Okay yeah, I guess I kinda like this one.


*Somewhere nearby RZA was working on music under the name Prince Rakeem. Within 2 years he will have formed the Wu-Tang Clan with many of Grannie’s neighbors.

This entry was posted on Tuesday, November 11th, 2025 at 7:29 am and is filed under Reviews, Comedy/Laffs, Horror, Monster. You can follow any responses to this entry through the RSS 2.0 feed. You can skip to the end and leave a response. Pinging is currently not allowed.

8 Responses to “Basket Case 2”

  1. Been a while since I seen this one but remember enjoying it’s more goofy take with more monster people. 3 tops it though with its climax.

    The Toxic Avenger, Part II is better, from memory, at taking an exploitation movie and making it sillier (Toxie cheats since the first was a partial comedy already, this one is following a movie that kept itself serious). Arguably, this one doesn’t work at all if not amused by seeing where they take it with this new setting all these new characters.

  2. Funny thing about Jolt Cola. The American Crime Story season on the Versace murder had a scene where Andrew Cunanan drinks Jolt. So I asked the producer about it as a period detail and he didn’t know what I was talking about. The script just said energy drink so the props department must’ve done the research.

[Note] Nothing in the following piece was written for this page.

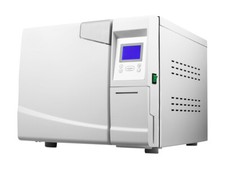 Stampante sterilizzatore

    After that interview ran two 4 packs of Jolt showed up at my house. I only drank one becauae as I learned as a kid I don’t need that much sugar and caffeine. But I don’t even know how they found my address. Through the network maybe. So Jolt is still out there and their marketing dept is top notch.

  3. I still see Jolt regularly in grocery store shelves, but I only drank it once in the late 90s and shortly fell asleep afterwards. (I might have built up a permanent caffeine resistance during my childhood. Long story.)

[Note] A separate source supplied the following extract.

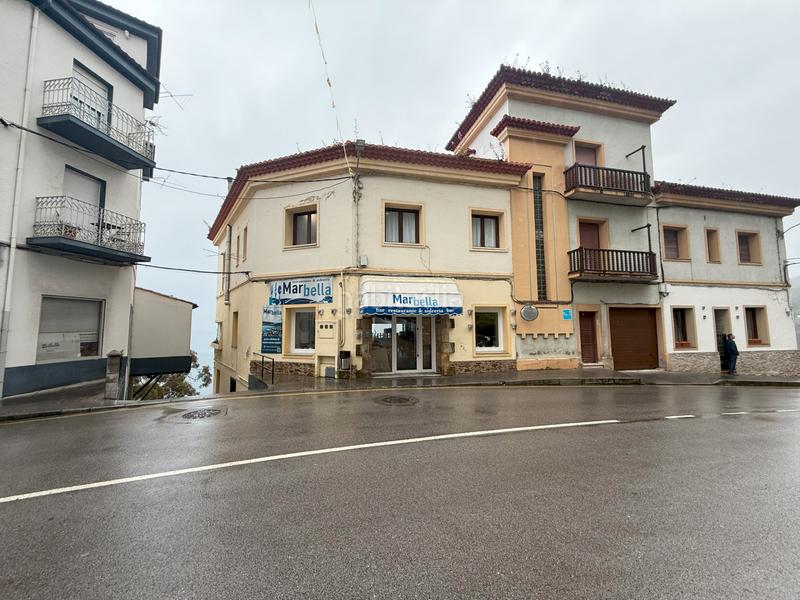 4 غرف نوم شقة في Asturias, Spain رقم 140954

  4. Sirs, this is a Lightning Bolt dojo here…

  5. Before the invention of energy drinks I had some friends who when they had to pull an all nighter they’d make lime kool aid but instead of water they’d use mountain dew and double the amount of sugar it called for. I never tried that abomination but they said they could feel it moving through their veins.

  6. My best friend and me were for a while in our teenage years hooked on a self-made drink that we called “vomit”, because of how it looked. It was just Cherry Coke with instant cappuccino. That one actually worked on me in the keeping-me-awake department.

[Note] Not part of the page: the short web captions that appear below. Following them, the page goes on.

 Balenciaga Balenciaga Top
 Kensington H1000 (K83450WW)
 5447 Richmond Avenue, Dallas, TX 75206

  7. I once drank a liter bottle of Jolt Cola while driving into NYC to go see GG Allin perform. He was going on LATE, so I needed to stay awake. I wound up appearing very briefly in the movie HATED for my trouble.

  8. I’m very into Afri Cola, which despite not positioning itself as some kind of energy drink, does brag about having a lot of caffeine and warns pregnant women of drinking it, but still: I sleep well after a bottle of it.